長い戦いももうすぐ終わる。思い出すだけで、モヤモヤした気持ちになる。しょうも無い事しかなかった。正直、僕は今、何のために走っているのだろう。
「ザップ、あと少しね」
「ああ、不毛なレースだった。スキンヘッドくらい不毛だったな……」
「ザップ、疲れてるのね。いつもだけど、今日は一層面白くないわ。ザップだからしょうが無いけどね」
いつも面白くないはひどい。一瞬、不毛についてもっとピーキーな言葉を吐こうかと思ったけど、マイには下品絶対禁止なのでその言葉を呑み込んだ。
僕達は王都に近づく。思った通りジブルは城門で足止めされている。
「だから、私は魔道都市の導師なんですって、ほら、身分証もあるでしょ」
「確かに、本物だな。けど、駄目なものは駄目だ。森に帰れ」
ジブルが衛兵さんに止められている。当然だ。こんなでっかい魔物が王都に入れる訳がない。ヒドラ君達は城門をガリガリしてる。それにしても、ヒドラに全くひるんでない衛兵さん、あっぱれ!

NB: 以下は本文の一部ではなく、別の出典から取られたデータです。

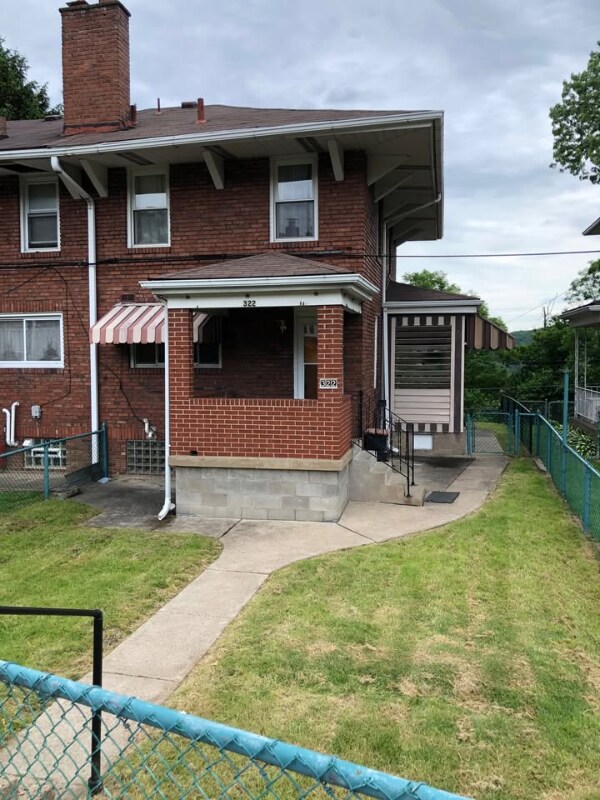 Building Photo - 322 New York Ave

「あっ、ザップ、あなたからも説得お願いします。私、あなたの使い魔ですよね?」
「知らんな。魔物は森に帰るんだな」
「ザップー、気持ち悪い蛇人間がこっち見てるわ。怖い怖い」
「マイさん、ひどいです、置いてかないで下さいー」
そして僕らはジブルの声を背に、レース参加者用の通用門を走って通過した。